Het probleem blijft maar voortbestaan. Ook toen studenten uit de U-Raadfractie vorige maand in de UB aan studenten vroegen wat hen bezighoudt, werd het tekort aan studieplekken vaak genoemd. Dat kwam deels ook door de timing. Het was namelijk tentamenperiode en dan is het probleem groter dan in de rest van het jaar.
De negatieve beoordeling in de NSE was aanleiding voor het starten van opnieuw een projectgroep Studieplekken in 2014. In het eindrapport uit 2015 constateert de projectgroep dat het probleem van de studiewerkplekken relatief is. Zo zijn er 40 weken per jaar geen klachten over de werkplekken van de UB. Maar in de tentamenperiode is dat anders. Van maandag tot en met donderdag is het tussen 10 en 17 uur dringen en bijna vechten om een plekje in de UB. Die beleving blijft bij de studenten hangen. Ook al zijn er in andere gebouwen bij de faculteiten vaak nog wel plekken beschikbaar.
Maar hoe los je dit probleem op? Je kunt moeilijk het aantal studieplekken laten bepalen door de piekbehoefte van twaalf weken per jaar. Het eindrapport Studieplekken zet in op communicatie. Je moet studenten laten weten waar ze wel terechtkunnen als de UB vol zit. De app Studyspot is hierop gericht.

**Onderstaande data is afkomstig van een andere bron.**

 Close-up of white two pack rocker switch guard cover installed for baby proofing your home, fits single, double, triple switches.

Een andere mogelijke oplossing is om meer werkgroepruimtes in de drukke periode in te zetten als studieplekken. Op dat moment zijn er nauwelijks colleges, dus kunnen deze ruimtes tijdelijk bestemd worden als studieplekken.

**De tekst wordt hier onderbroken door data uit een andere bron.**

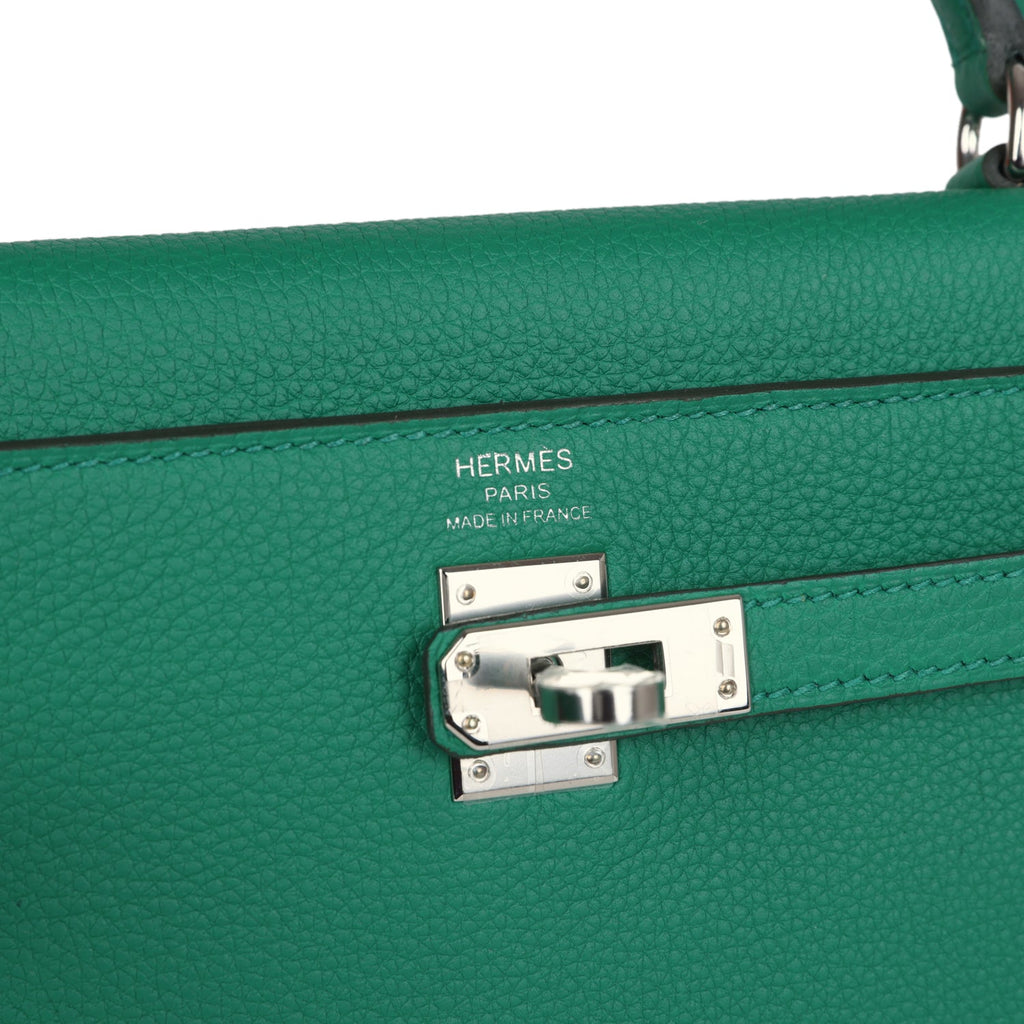 Hermes Kelly Retourne 25 Vert Vertigo Togo Palladium Hardware - Exclusu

Dan moet er overigens wel duidelijk zijn wat onder een studiewerkplek verstaan wordt. In een definitie uit 2011 formuleert het College van Bestuur een werkplek als tafel met een stoel. Maar die zijn er veel meer dan de 6500 studiewerkplekken die als zodanig geregistreerd zijn. Veel studenten werken in de kantine van het Educatorium, maar dat zijn geen officiële studiewerkplekken.
Een ander idee is om meer studieplekken te creëren buiten de universiteit. Verzekeringsbedrijf asr, gevestigd in Rijnsweerd, bood aan dat een aantal studenten wel in hun bedrijf zou kunnen werken. Op dit moment zijn er besprekingen hoe dat er concreet uit zou kunnen zien.
De gemeenteraadsfractie Student & Starter opperde dat studenten ook zouden kunnen werken in de gemeentebibliotheek. Veel studenten wonen in Lunetten en waarom zouden studenten dan niet daar een UU-werkplek kunnen krijgen?
De Hogeschool Utrecht maakte recent bekend dat in de nieuwe hu-bibliotheek 520 nieuwe studieplekken zijn gecreëerd. De redenering is dat dan minder hogeschoolstudenten naar de universiteitsbibliotheek gaan en zelfs universitaire studenten ook op de hogeschool kunnen aanschuiven.
Anton Pijpers vindt het goede suggesties en staat open voor het gesprek. “Maar ons uitgangspunt is dat de universiteit daar geen geld voor gaat betalen.” Bij asr is dat niet aan de orde. Die vinden het de levendigheid vergroten wanneer studenten daar zouden komen studeren. Bij de gemeente bestaat twijfel. Het vermoeden bestaat dat de gemeente hier een financiële vergoeding voor zou willen hebben. Bovendien, wat weerhoudt studenten er nu van om zelfstandig in een lege gemeentebibliotheek neer te strijken?
De studenten van de Universiteitsraad vinden dat je alle opties moet open houden. “Het is vreemd dat er de komende jaren minder plekken komen, terwijl nog helemaal niet duidelijk is dat het aantal studenten afneemt”, aldus Maartje Koppelman van de universiteitsraad.
De universiteit zal dus moeten blijven monitoren op de behoefte van de student. Meer communicatie over de beschikbare plekken kan helpen de last te verlichten, evenals het creëren van nieuwe werkplekken voor de tentamenperiode. Feit blijft echter wel dat de studenten nu nog kiezen voor de UB als eerste optie. Of het nu vol is of niet. En als het vol is, dan klagen ze erover. Dat is het dilemma waar de universiteit en de studenten mee zullen blijven worstelen. Je zult dus manieren moeten bedenken om het voor studenten aantrekkelijk te maken naar die andere plekken te gaan.